WHAT THE TASK ASKS:
Exclude every picture. Output verbatim the lines from the one containing "Malaysian Flag: The" to the end of the data.

SUPPLIED INFORMATION:
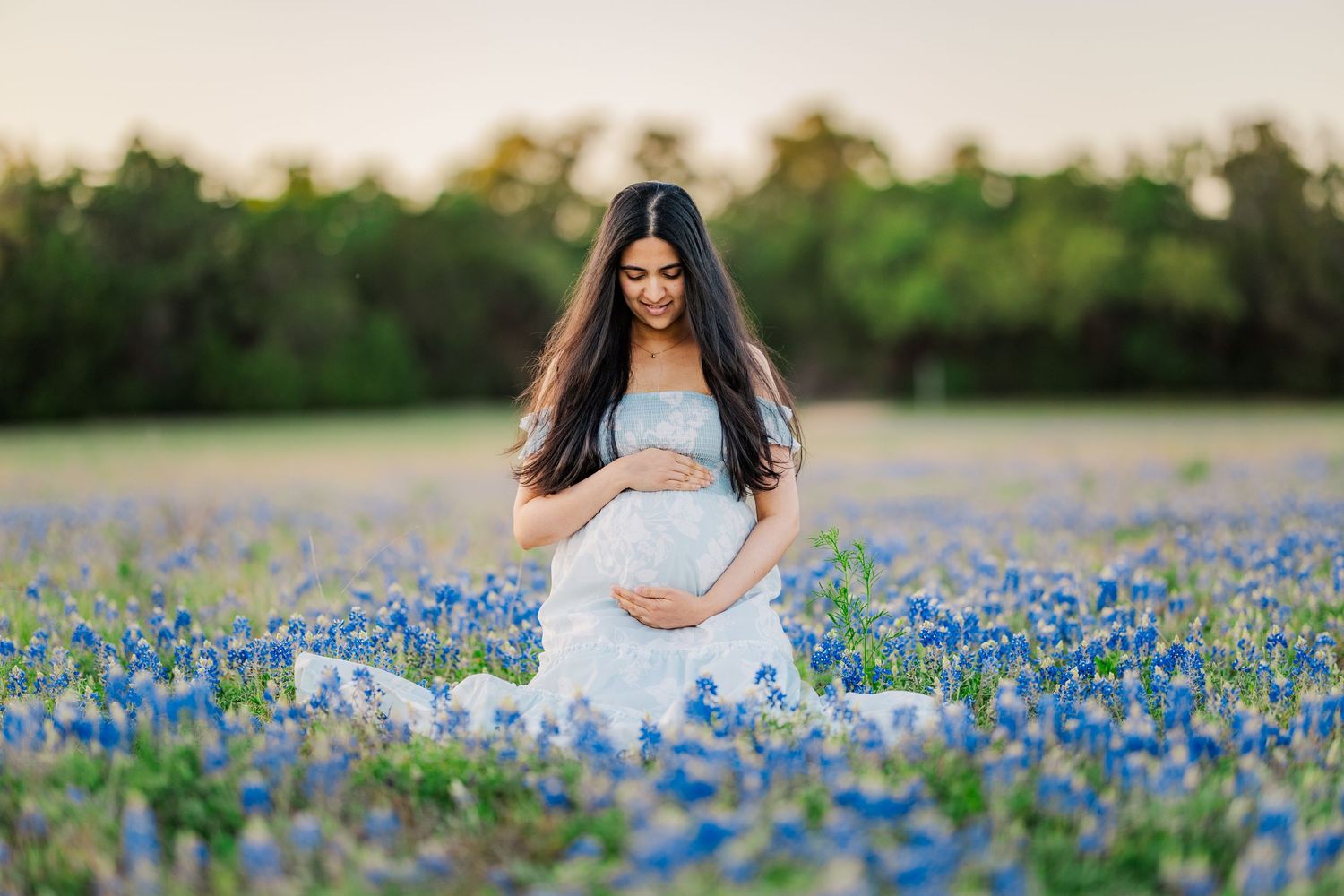 Expectant mother sitting in blooming bluebonnets during a Central Texas spring mini session with natural light photography.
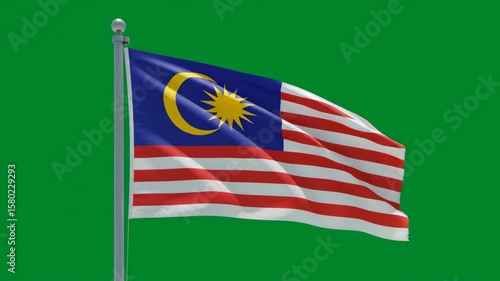 Malaysian Flag: The national flag of Malaysia, a symbol of unity and pride, waves proudly against a backdrop of a vibrant green screen, with each stripe and emblem conveying its unique story.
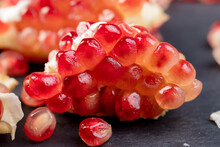 Peeled Red Ripe Pomegranate With Juicy Grains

RESULT:
 Malaysian Flag: The national flag of Malaysia, a symbol of unity and pride, waves proudly against a backdrop of a vibrant green screen, with each stripe and emblem conveying its unique story.
 Peeled Red Ripe Pomegranate With Juicy Grains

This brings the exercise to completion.